Vida de faraones. Reyezuelos efímeros que construyeron sus propias pirámides con los dineros de la gente, incauta o porfiada, que quiso creer en ese espejismo absurdo. El caso de DMG, cuyo coletazo final nos tocó aquí en Panamá, pero que igual afectó a Venezuela y Ecuador, aparte de Colombia, nos ilustra sobre nuestra debilidad y desesperación. Retrata además parte de nuestra idiosincrasia. Esa que no queremos ver ni aceptar.
Traficantes de ilusionesEstán ahí. Se tapan la cara, huyen. No quieren responder preguntas. No quieren hablar. Pero están ahí, como esperando. Quieren saber qué pasará con la plata que invirtieron en el soberbio negocio de la comercialización con retorno, ingeniosa forma de estafa en la que, con una mágica tarjeta prepagada, se compran artículos a crédito y luego se recibe de vuelta, después de un tiempo, el monto de lo invertido, y más. Demasiado bueno para ser verdad. Está visto.
Pero ellos no quieren preguntas, aunque se mueren por saber. Andaban por ahí, por las inmediaciones de Plaza Edison, aquí en Panamá. No quieren cámaras, aunque quisieran gritar su desengaño. Quieren que alguien les responda, pero se esconden. Demasiado bueno el negocio, un negocio chueco, en el que incautos o porfiados participaron ilusionados.

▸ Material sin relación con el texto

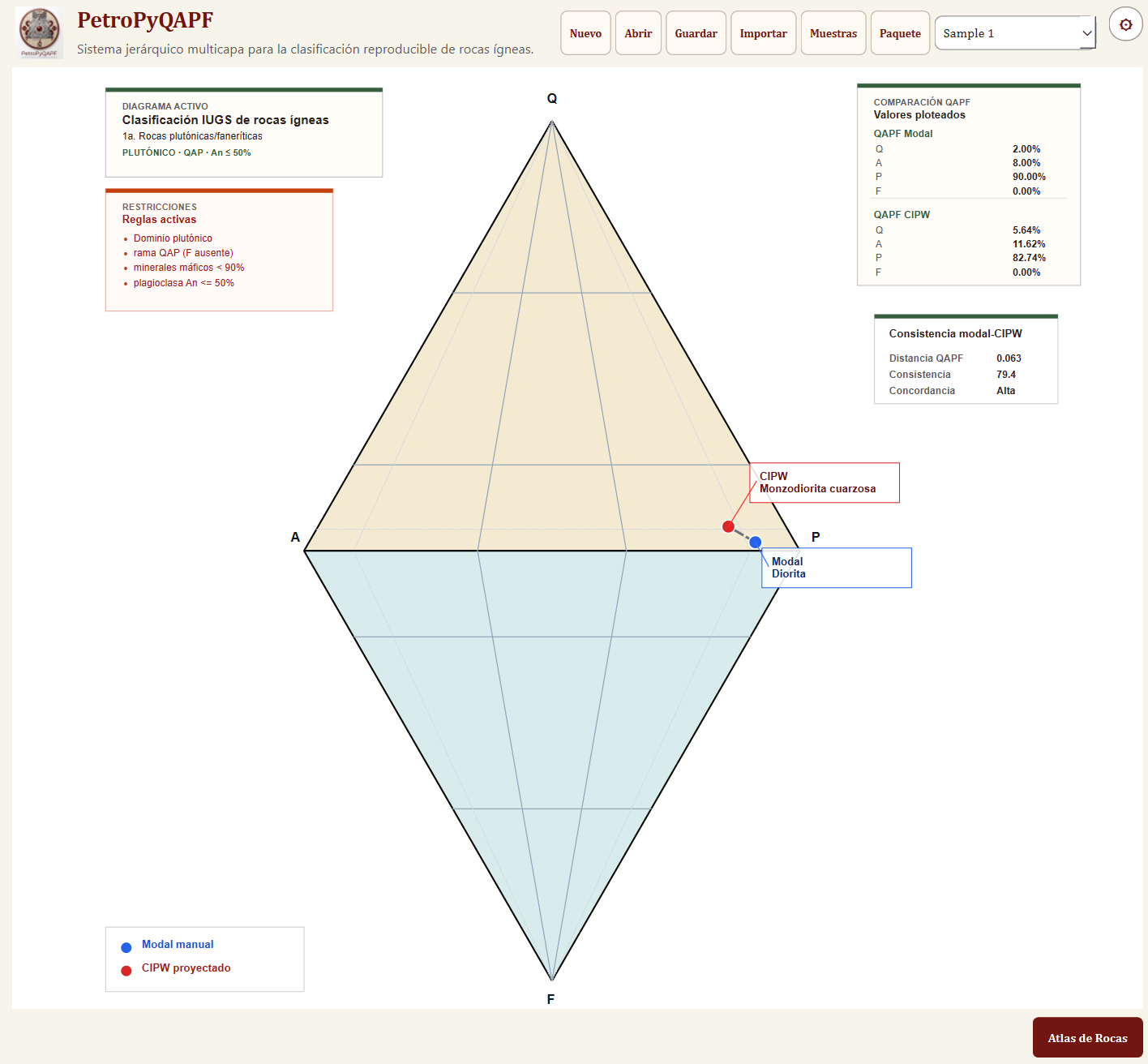 ML results panel showing prediction, confidence bars, and agreement status indicator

Sí, porque el negocio es ese: la ilusión. El espejismo improbable de la ganancia fácil o de la ventaja sobre la realidad. La maña, la habilidad antes que el trabajo arduo. La ganancia rápida, mágica, impune. Unos que saben de qué va el negocio, lo alientan, lo alimentan, lo ofrecen generosamente. Esos conocen la debilidad humana y la saben aprovechar. El esquema es sencillo: captar muchas entradas de capital que se recicla, hasta que la burbuja estalla. O peor, utilizar mucho dinero de personas que decidieron jugar en esa ruleta para camuflar y reciclar toneladas de dineros provenientes de actividades ilícitas, que luego se utilizan en inversiones legítimas. Entonces desaparecen: se vaporizan. Se desvanecen. Nunca existieron. Eran ilusión. Eran mentira.